How to complete this task:
Please return the full listing word for word, leaving out any pictures.

Information shown:
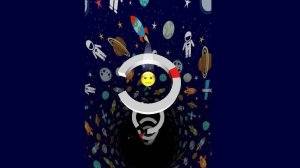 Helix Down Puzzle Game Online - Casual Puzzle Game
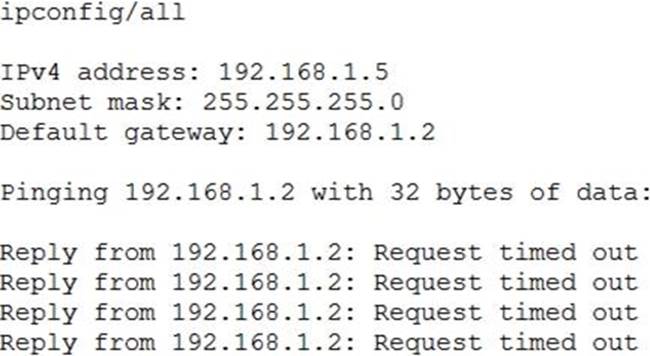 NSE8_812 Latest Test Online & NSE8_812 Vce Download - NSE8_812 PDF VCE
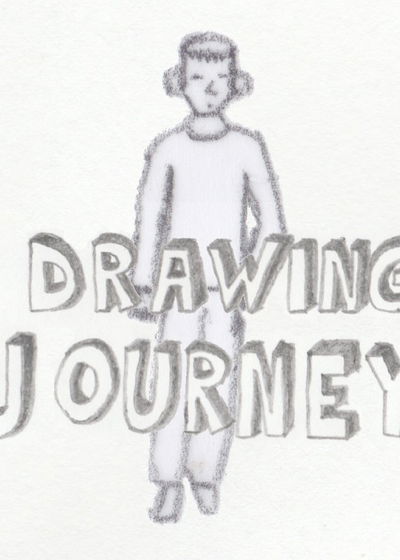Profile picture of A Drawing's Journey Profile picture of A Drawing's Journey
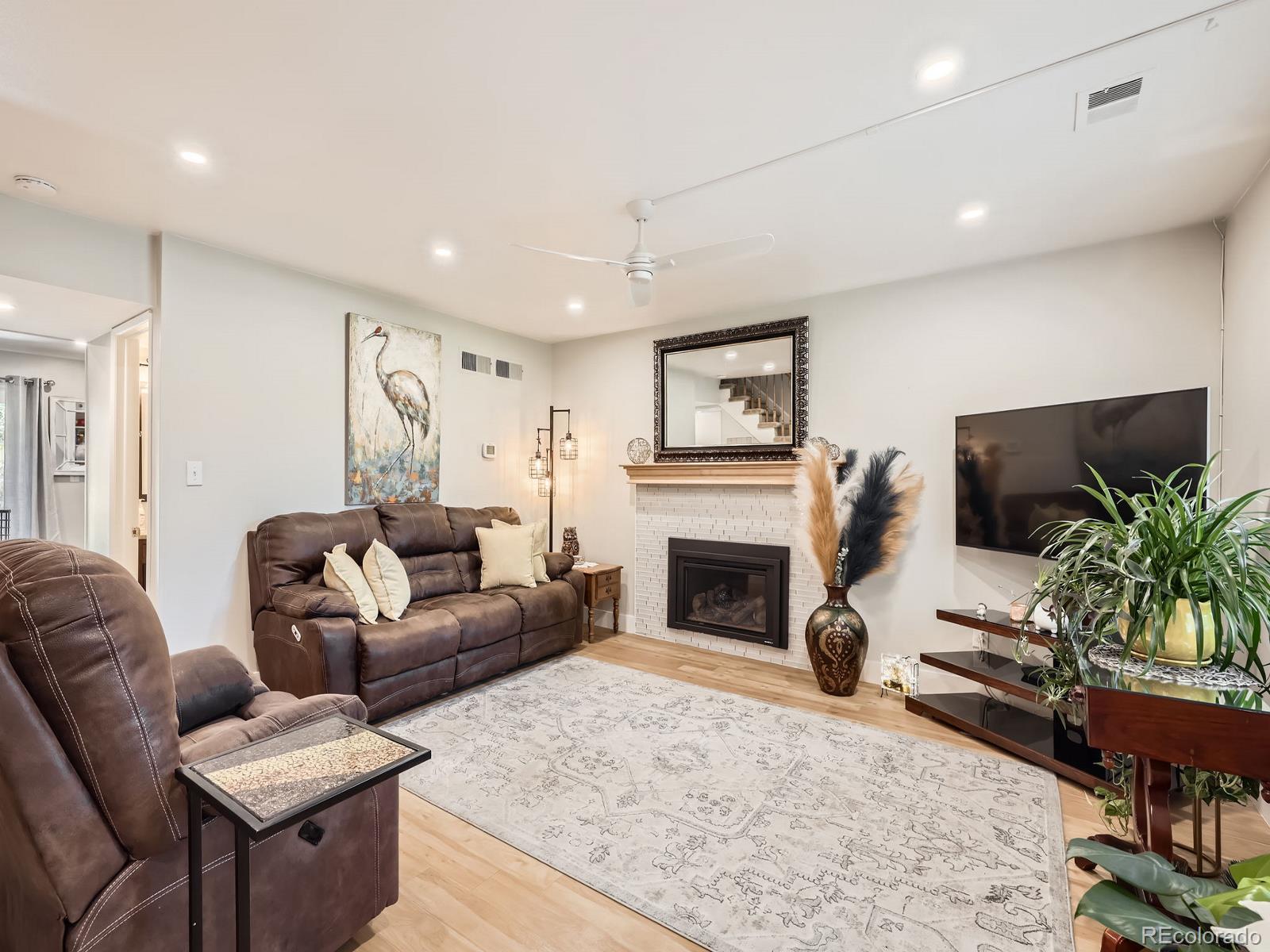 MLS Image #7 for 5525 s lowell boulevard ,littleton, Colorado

Solution to this exercise:
 Helix Down Puzzle Game Online - Casual Puzzle Game
 NSE8_812 Latest Test Online & NSE8_812 Vce Download - NSE8_812 PDF VCE
Profile picture of A Drawing's Journey Profile picture of A Drawing's Journey
 MLS Image #7 for 5525 s lowell boulevard ,littleton, Colorado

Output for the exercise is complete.